[Data section — start]

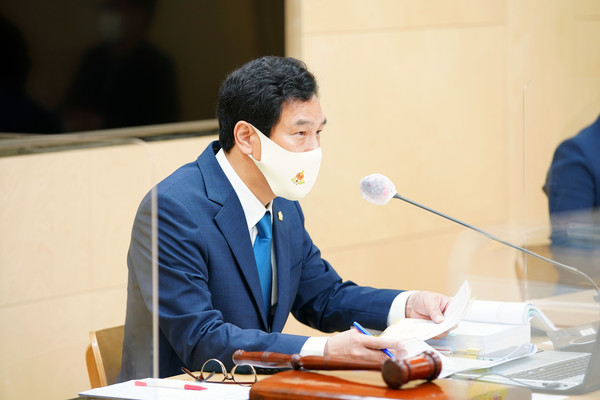 강성삼 하남시의회 행정사무감사 특별위원장은 6일 중앙신문과의 인터뷰에서 “심도있고 내실 있는 감사를 실시, 시민의 알 권리를 충족시킬 수 있도록 세밀한 행감이 될 수 있도록 최선을 다하겠다”고 밝혔다.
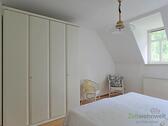 Kleiderschrank im rechten Schlafzimmer - 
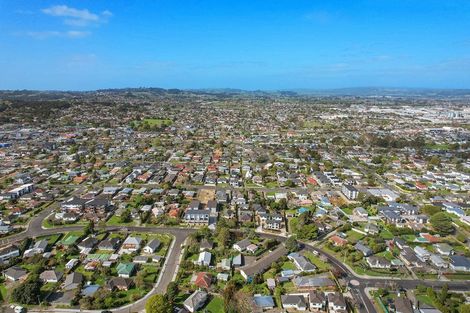 Photo of property in 2/31 Bowater Place, Manurewa, Auckland, 2102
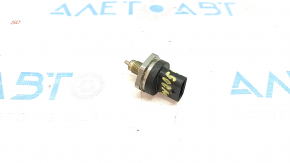 Fuel pressure sensor Mercedes C-class W205 300/350e/350h/400/43/63 15-21 on the fuel rail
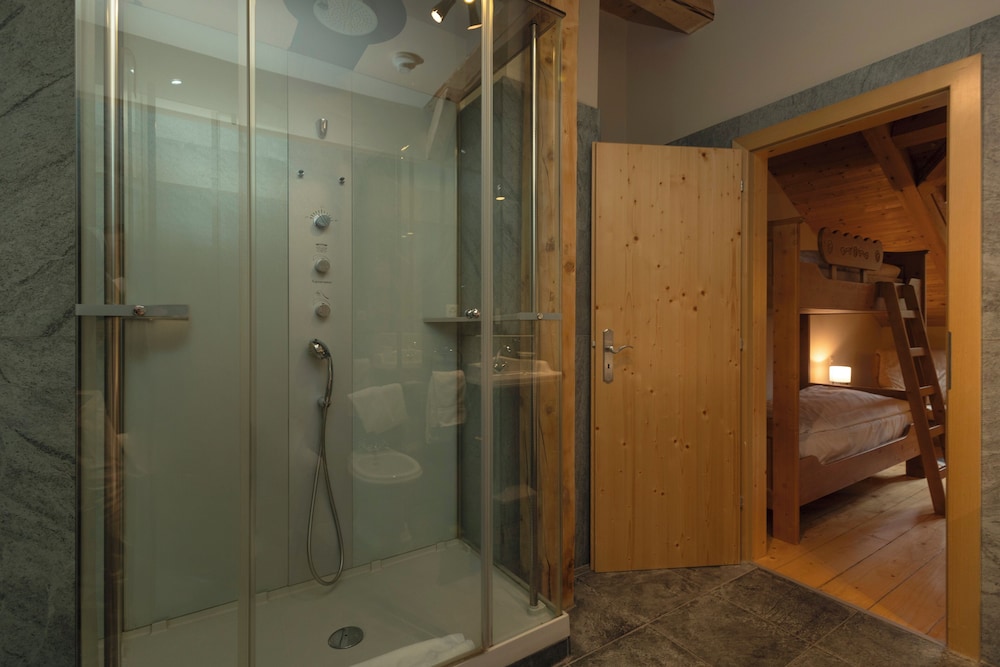 Junior Suite - Photo 5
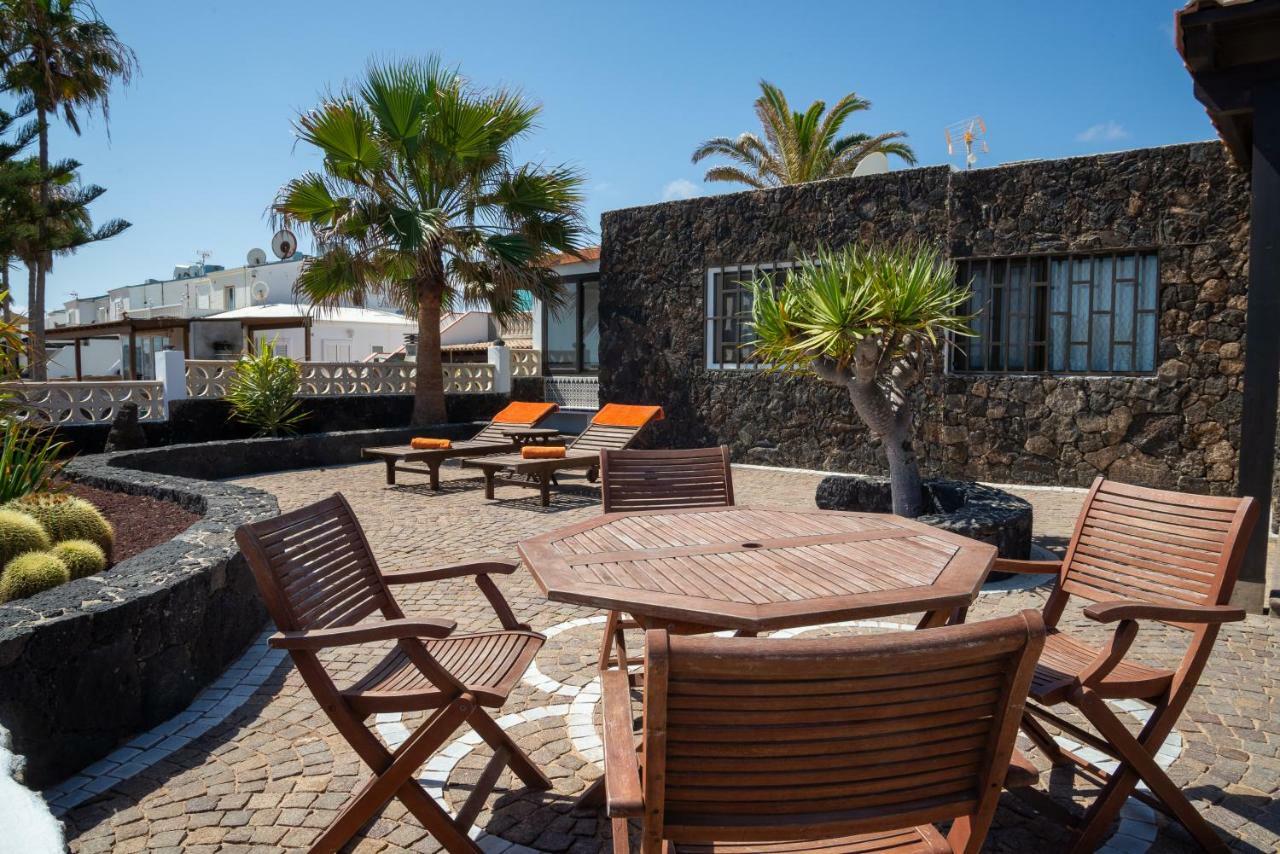 La Golondrina - Beach Froont Corralejo Exterior photo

[Data section — finish]

* _Assigned task_
Please retype, exactly and with the pictures left out, the lines from the line containing "Photo of property" through the last line of the records above.

* _Solution below_
 Photo of property in 2/31 Bowater Place, Manurewa, Auckland, 2102
 Fuel pressure sensor Mercedes C-class W205 300/350e/350h/400/43/63 15-21 on the fuel rail
 Junior Suite - Photo 5
 La Golondrina - Beach Froont Corralejo Exterior photo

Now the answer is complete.